Many rat poisons contain the chemical warfarin, an anticoagulant. There have been media reports that some suicide bombers in the Middle East pack their bombs with rat poison in hopes of making them more lethal.
The source, who spoke only on condition of anonymity because he was not authorized to talk, said the lethality of the Spokane bomb has yet to be determined. At the least, the source said, it could have caused serious injury to anyone nearby.
It was to be detonated remotely, with what the source would describe only as a "line of sight" electronic device. Those sorts of devices include items such as garage-door openers or similar low-powered transmitters.
It is likely, the source said, that the bomber would have to be close by to set it off.
Harrill said two T-shirts — apparently purchased at a local thrift shop — were stuffed around the device, most likely in an effort to conceal it.
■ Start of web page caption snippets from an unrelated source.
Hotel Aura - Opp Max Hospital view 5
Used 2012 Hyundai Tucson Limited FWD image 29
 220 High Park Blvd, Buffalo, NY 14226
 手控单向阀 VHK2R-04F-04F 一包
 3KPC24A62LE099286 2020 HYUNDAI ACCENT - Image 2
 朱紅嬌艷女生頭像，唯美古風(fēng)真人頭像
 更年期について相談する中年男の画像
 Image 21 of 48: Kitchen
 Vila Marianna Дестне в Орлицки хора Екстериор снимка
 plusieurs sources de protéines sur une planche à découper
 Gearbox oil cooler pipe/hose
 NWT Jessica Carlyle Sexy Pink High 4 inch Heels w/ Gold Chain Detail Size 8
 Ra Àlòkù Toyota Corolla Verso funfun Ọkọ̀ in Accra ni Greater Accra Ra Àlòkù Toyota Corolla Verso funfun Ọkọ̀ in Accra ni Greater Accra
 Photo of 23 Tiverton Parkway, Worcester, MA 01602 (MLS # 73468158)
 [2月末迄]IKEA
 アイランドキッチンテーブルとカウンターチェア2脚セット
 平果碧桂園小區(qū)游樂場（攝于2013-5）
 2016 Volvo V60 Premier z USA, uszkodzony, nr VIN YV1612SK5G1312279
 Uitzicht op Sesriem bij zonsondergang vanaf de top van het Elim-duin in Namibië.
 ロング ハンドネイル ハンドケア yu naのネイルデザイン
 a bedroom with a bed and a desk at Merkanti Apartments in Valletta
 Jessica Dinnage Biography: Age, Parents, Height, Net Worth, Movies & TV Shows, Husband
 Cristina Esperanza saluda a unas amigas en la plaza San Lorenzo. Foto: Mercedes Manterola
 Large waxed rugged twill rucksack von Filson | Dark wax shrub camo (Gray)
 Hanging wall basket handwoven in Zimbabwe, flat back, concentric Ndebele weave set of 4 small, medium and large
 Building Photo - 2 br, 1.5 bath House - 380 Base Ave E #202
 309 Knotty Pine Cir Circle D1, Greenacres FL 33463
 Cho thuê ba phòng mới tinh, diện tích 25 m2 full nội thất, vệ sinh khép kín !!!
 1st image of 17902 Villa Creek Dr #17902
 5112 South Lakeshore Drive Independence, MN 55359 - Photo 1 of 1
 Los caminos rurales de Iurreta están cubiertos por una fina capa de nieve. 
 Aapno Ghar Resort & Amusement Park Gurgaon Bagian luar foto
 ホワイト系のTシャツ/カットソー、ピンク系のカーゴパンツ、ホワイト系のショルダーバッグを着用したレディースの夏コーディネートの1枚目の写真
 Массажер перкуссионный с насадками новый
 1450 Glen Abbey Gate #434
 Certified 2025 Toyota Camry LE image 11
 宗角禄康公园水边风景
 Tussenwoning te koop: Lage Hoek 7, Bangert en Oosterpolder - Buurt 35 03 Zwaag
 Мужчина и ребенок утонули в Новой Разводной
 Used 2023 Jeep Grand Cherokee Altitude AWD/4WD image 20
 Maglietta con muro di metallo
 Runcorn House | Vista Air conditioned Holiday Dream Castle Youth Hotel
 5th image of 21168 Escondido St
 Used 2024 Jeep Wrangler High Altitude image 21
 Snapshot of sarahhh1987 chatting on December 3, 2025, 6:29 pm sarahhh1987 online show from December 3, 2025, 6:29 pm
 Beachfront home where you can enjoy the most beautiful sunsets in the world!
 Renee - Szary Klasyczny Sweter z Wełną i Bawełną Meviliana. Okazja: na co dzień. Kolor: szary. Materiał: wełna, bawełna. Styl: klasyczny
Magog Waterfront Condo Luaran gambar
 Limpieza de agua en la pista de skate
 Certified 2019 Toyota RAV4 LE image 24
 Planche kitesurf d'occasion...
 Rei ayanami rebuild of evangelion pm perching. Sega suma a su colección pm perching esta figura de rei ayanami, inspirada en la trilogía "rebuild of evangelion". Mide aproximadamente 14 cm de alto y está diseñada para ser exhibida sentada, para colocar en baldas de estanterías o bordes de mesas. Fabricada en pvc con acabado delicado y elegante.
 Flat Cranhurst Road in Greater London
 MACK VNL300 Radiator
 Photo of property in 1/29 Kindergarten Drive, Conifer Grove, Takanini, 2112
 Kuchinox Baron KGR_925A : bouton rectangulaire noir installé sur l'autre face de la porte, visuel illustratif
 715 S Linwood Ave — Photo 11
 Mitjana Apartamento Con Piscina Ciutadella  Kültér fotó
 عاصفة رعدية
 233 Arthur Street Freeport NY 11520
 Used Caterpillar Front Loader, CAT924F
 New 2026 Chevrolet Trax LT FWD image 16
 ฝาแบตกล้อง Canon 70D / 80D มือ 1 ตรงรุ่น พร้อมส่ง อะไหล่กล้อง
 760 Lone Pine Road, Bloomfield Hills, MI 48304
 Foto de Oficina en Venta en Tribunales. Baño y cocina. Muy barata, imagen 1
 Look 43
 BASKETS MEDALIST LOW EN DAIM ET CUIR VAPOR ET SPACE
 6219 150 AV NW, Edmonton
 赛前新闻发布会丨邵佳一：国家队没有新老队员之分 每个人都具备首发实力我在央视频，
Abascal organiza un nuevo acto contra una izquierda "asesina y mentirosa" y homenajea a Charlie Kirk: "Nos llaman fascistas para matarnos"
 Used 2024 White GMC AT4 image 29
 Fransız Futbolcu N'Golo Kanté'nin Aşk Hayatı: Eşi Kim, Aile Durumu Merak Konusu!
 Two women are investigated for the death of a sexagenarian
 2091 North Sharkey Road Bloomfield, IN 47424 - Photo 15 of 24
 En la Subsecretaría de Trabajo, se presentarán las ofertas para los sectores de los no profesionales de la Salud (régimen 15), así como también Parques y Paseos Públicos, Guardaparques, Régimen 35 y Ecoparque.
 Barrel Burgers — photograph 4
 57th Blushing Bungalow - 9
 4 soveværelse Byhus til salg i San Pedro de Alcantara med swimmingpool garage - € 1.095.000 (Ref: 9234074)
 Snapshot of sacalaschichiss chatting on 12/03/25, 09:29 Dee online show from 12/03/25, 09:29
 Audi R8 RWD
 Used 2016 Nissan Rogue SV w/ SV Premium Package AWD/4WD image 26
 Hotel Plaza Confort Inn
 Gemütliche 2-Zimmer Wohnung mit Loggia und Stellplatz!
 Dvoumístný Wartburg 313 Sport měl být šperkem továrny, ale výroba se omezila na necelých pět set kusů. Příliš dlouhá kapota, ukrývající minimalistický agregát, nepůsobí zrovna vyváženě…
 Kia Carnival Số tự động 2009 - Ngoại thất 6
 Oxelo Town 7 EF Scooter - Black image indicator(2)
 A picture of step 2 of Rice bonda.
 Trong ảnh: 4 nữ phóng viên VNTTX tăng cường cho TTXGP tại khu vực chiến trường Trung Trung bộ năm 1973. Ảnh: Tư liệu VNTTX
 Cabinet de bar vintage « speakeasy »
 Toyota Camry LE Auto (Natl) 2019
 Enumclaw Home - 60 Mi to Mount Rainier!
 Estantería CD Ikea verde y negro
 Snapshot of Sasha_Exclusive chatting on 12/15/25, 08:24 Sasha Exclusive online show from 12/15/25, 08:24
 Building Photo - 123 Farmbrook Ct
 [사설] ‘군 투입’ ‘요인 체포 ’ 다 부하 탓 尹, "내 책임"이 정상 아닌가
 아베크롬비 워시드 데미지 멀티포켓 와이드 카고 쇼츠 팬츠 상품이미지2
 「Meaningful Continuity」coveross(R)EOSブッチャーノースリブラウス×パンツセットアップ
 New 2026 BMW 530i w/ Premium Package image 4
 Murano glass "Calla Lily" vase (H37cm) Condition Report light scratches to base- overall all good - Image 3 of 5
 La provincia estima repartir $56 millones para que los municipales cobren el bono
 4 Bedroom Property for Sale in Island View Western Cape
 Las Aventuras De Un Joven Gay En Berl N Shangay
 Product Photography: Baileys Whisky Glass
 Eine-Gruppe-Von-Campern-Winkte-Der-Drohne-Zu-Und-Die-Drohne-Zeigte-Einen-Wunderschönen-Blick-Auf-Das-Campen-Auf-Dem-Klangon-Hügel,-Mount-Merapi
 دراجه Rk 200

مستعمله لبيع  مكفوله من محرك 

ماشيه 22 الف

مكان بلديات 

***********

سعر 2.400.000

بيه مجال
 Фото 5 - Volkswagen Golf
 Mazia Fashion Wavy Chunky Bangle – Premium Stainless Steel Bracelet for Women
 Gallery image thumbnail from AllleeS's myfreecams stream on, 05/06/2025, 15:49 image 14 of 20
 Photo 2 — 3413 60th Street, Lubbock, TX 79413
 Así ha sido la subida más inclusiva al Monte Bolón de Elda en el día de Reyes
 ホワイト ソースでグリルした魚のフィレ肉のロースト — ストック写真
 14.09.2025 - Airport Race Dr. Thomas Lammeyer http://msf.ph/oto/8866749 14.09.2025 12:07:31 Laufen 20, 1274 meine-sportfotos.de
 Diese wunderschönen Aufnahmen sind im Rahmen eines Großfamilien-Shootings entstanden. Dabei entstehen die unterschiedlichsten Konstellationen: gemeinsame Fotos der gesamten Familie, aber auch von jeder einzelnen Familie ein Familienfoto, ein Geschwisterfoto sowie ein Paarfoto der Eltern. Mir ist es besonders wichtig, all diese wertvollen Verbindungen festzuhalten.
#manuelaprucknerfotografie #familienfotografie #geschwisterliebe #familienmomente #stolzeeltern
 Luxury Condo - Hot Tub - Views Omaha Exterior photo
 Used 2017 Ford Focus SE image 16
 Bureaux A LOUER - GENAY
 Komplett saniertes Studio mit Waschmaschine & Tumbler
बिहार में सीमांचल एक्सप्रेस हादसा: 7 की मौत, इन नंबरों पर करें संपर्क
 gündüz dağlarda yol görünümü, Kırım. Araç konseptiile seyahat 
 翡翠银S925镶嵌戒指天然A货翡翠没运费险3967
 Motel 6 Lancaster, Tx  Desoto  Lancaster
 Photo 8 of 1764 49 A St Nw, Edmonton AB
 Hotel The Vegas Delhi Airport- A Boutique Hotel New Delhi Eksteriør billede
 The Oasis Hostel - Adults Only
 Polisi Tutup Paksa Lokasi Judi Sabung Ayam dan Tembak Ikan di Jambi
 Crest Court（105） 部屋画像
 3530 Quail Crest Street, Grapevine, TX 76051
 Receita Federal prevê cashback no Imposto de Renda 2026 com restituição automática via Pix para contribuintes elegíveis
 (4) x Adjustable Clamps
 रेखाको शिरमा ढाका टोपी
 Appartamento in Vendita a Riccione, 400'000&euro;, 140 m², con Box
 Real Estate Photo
Progress has been slowed particularly by the large amount of duct tape used in the bomb's construction, the source said. Lab technicians are peeling it back a fraction of an inch at a time, looking for hairs, fibers and prints.
"A lot of these tests are sequential in nature," Harrill explained. "You have to do one before another, and only then can you begin to form a picture of what you have and don't have.
"I can tell you that picture isn't completely formed," he said. "We are in daily, if not multiple-daily contact with the labs."
Harrill said that the bomb is unlike any of the crude pipe bombs associated with previous white-supremacist or neo-Nazi groups — or any other bombings, for that matter.
"We would say if there had been similar devices," he said. "That would be a matter of public concern and public safety."
Harrill acknowledged that agents are also investigating whether placement of the bomb was out of convenience or to increase the number of potential victims.
The backpack was found by three city sanitation workers 40 minutes before the parade was to begin, on a metal bench at the intersection of Washington Street and Main Avenue, across from Auntie's Bookstore. Police rerouted the parade, which concluded without incident.
Behind the bench is a pair of short concrete walls that form an L-shape that Harrill said would have concentrated a blast toward the crowd.
Harrill said the vigilance and quick action of the sanitation workers likely saved lives.
Drawn to the area
In the 30 years between the Aryan church bombing and the attempted bombing in Spokane, groups and individuals with ties to the Aryan Nations, the Ku Klux Klan and other hate groups have clustered in this remote corner of the Pacific Northwest, many attracted by Butler and his effort to create an Aryan homeland.
Others came "for the remoteness. For the 'live-and-let-live' attitude," said retired journalist Bill Morlin, who as a reporter at the Spokane Spokesman-Review newspaper covered Butler and the Northwest Christian Identity movement from Butler's immigration from California in the mid-1970s until his death at 89 in 2004.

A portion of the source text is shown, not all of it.